START Records to process

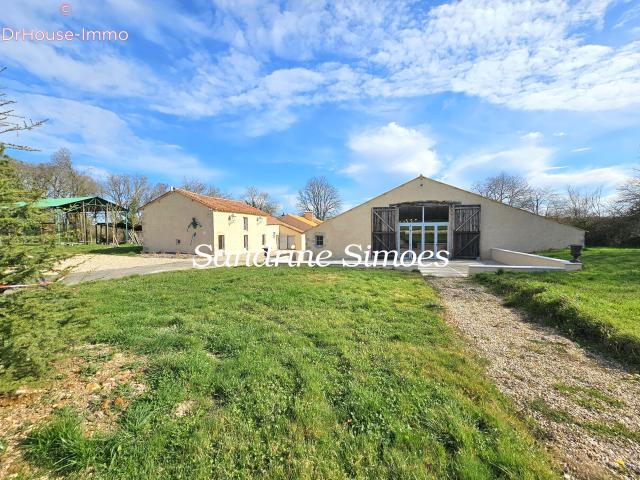 Maison 9 pièces 230 m²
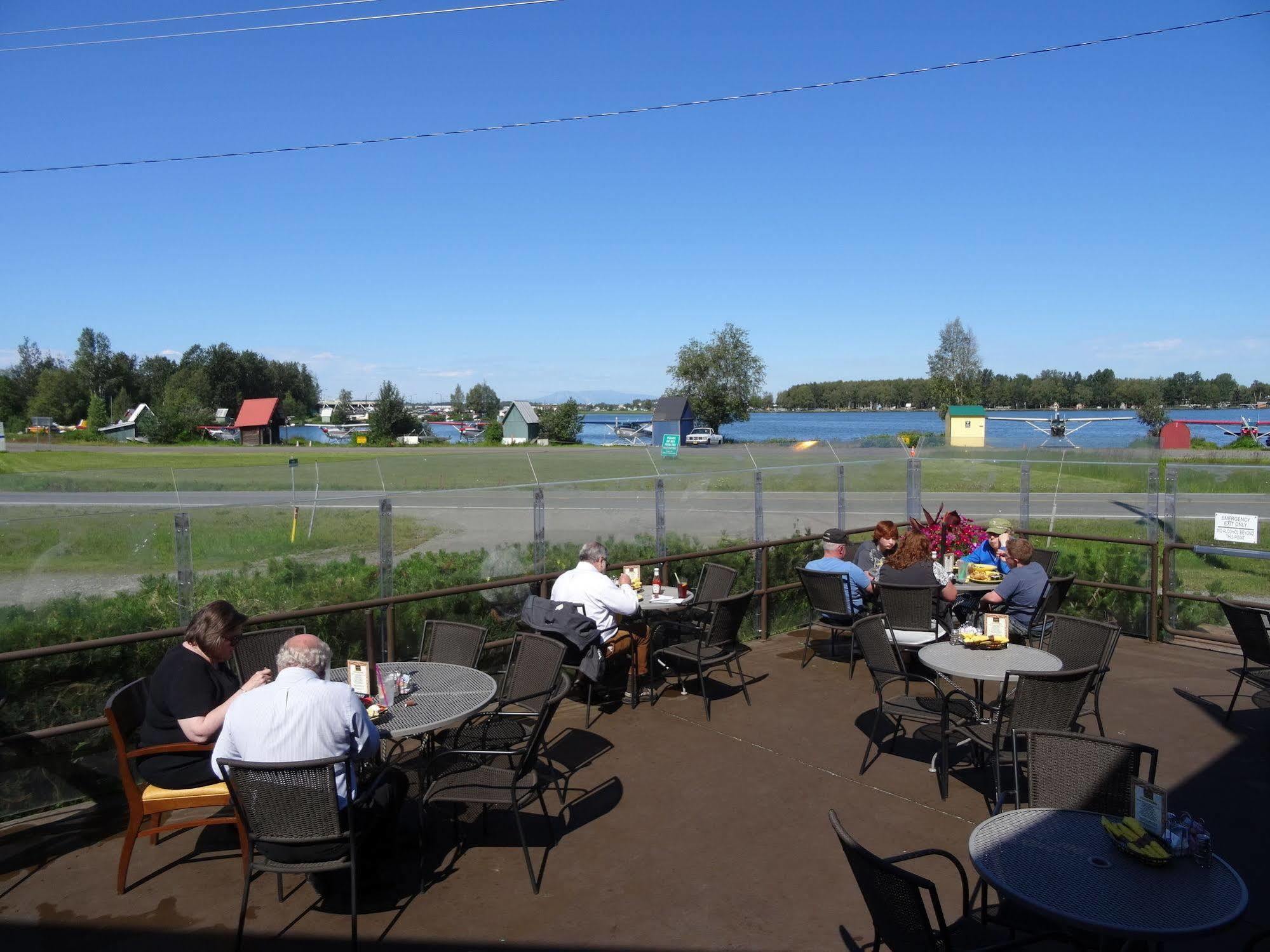 Coast Inn At Lake Hood Anchorage Exteriör bild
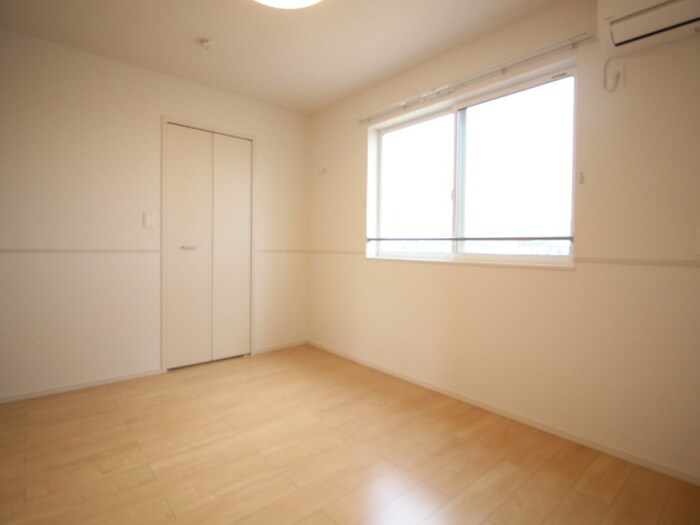 物件内観写真19　(居室)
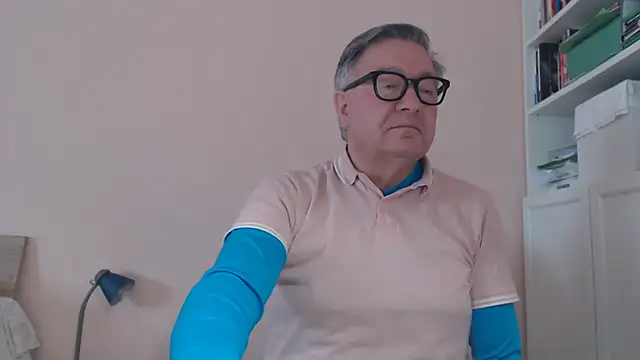 YOU6me online show from January 2026 08:29:02 AM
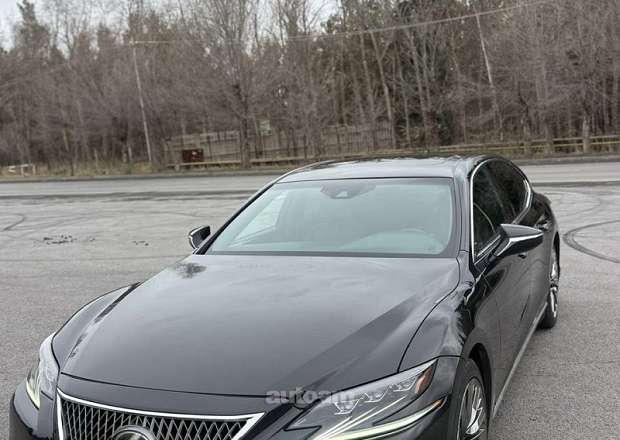 Lexus LS 500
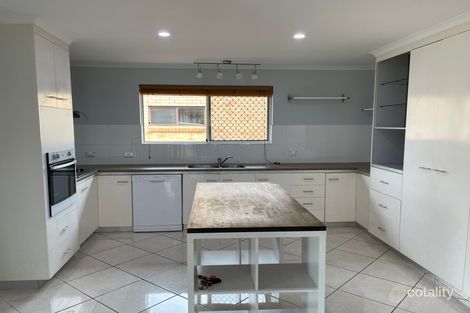 Property photo of 9 Seventy Four Court Avoca QLD 4670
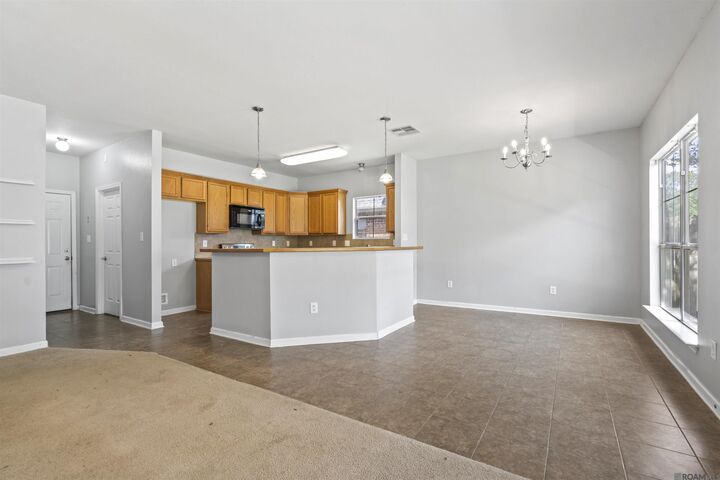 Property Photo: 10040 Park Ridge Dr LA 70706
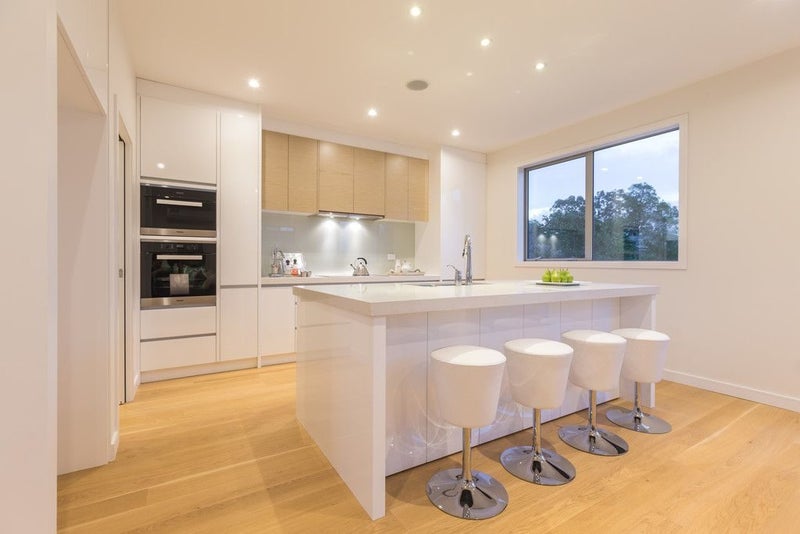 6 Tokomaru Street, Orakei, Auckland - Carousel 6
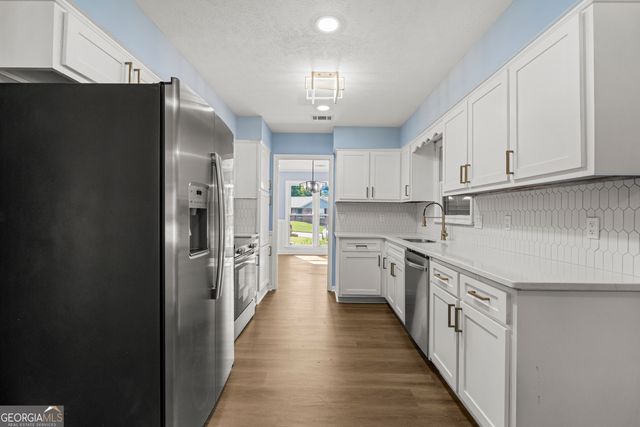 6020 WHITEHAVEN Drive, Columbus, GA 31909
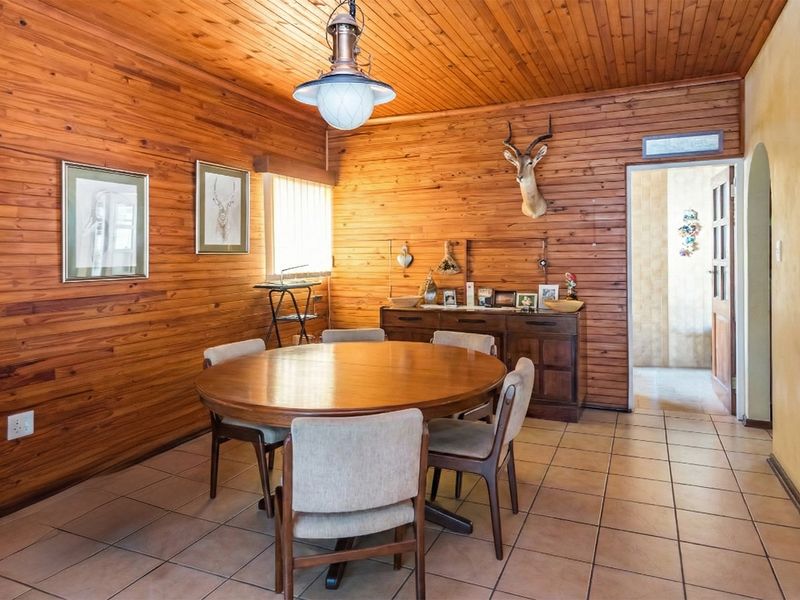 Large 3,969m2 Stand in Secure Edenburg Enclosure – Renovate, Extend or Redevelop - Photo 10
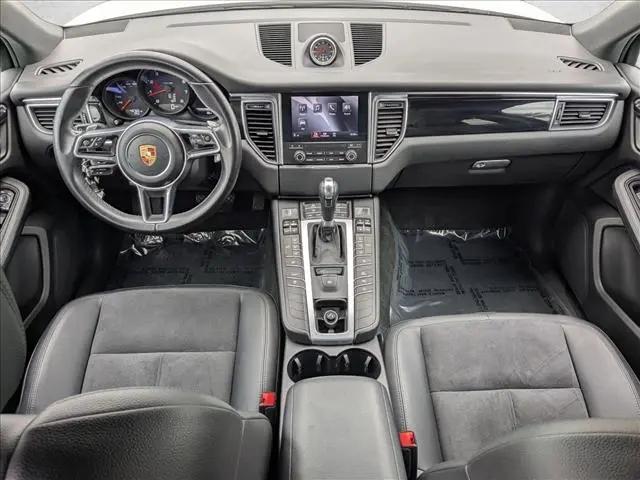 2017 Porsche Macan Macan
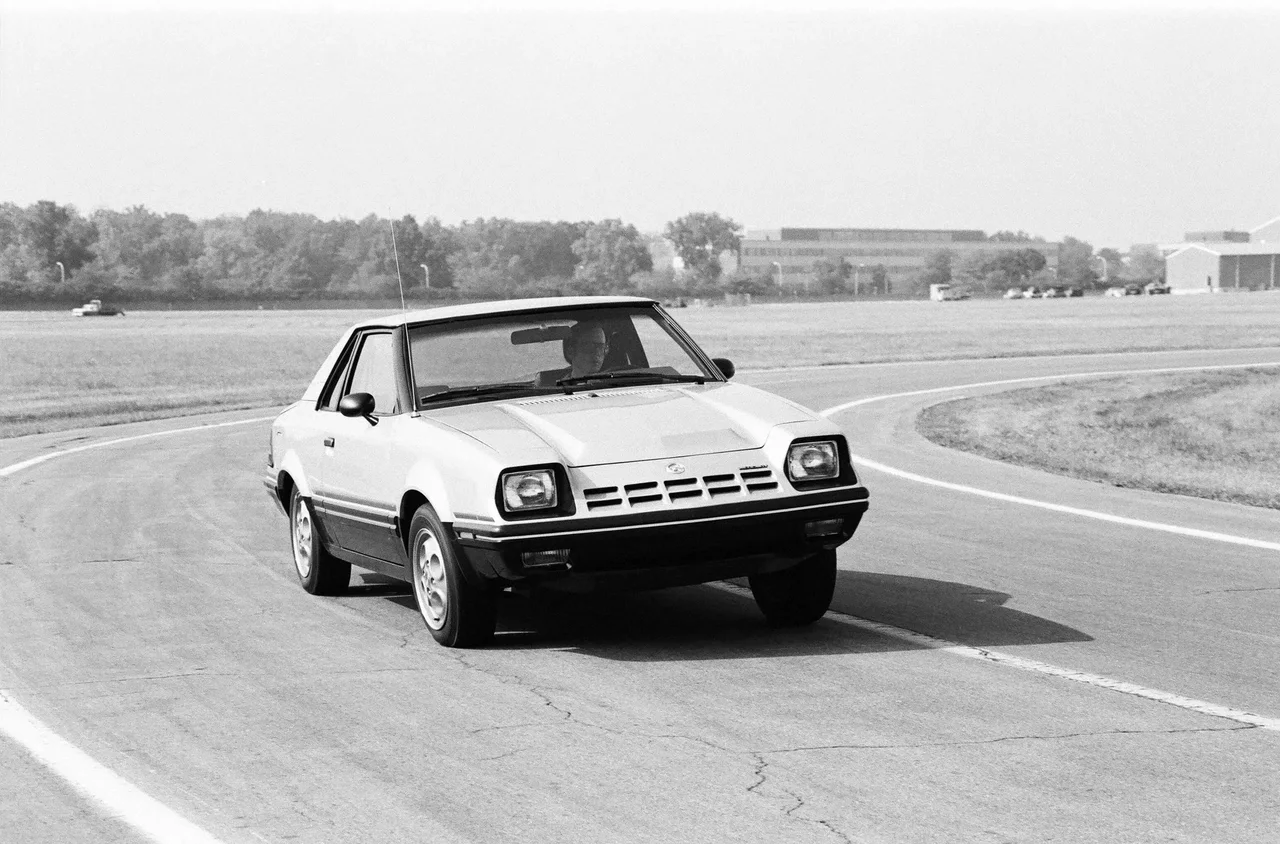 Exterior 3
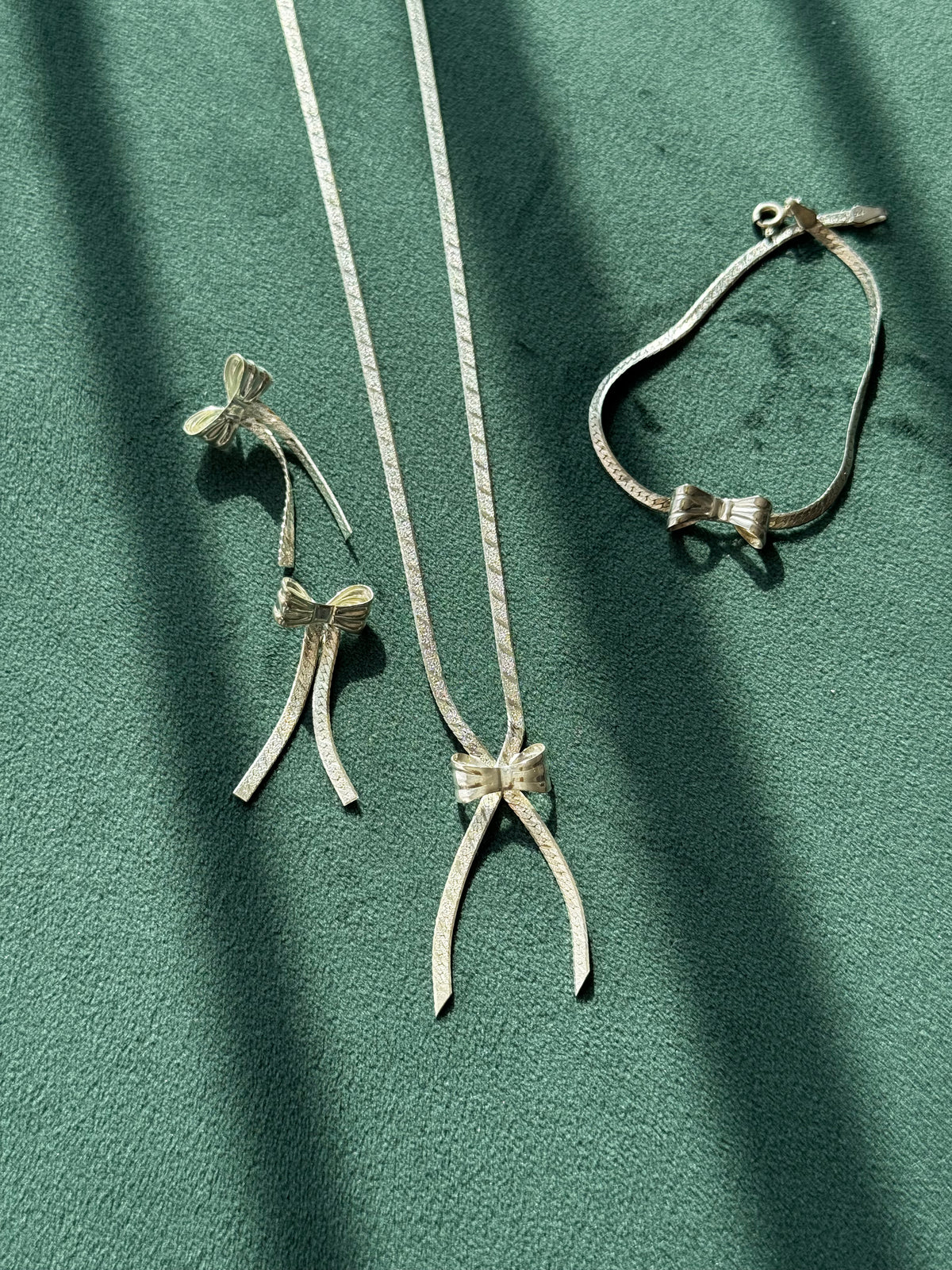 Vintage Italian Sterling Silver Bow Necklace and Bracelet Set Textured Chain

END Records to process

# [Instructions to follow]
Excluding the pictures, write out exactly the lines from the line that contains "Large 3,969m2 Stand" through the end of the records.

# [Solved exercise]
 Large 3,969m2 Stand in Secure Edenburg Enclosure – Renovate, Extend or Redevelop - Photo 10
 2017 Porsche Macan Macan
 Exterior 3
 Vintage Italian Sterling Silver Bow Necklace and Bracelet Set Textured Chain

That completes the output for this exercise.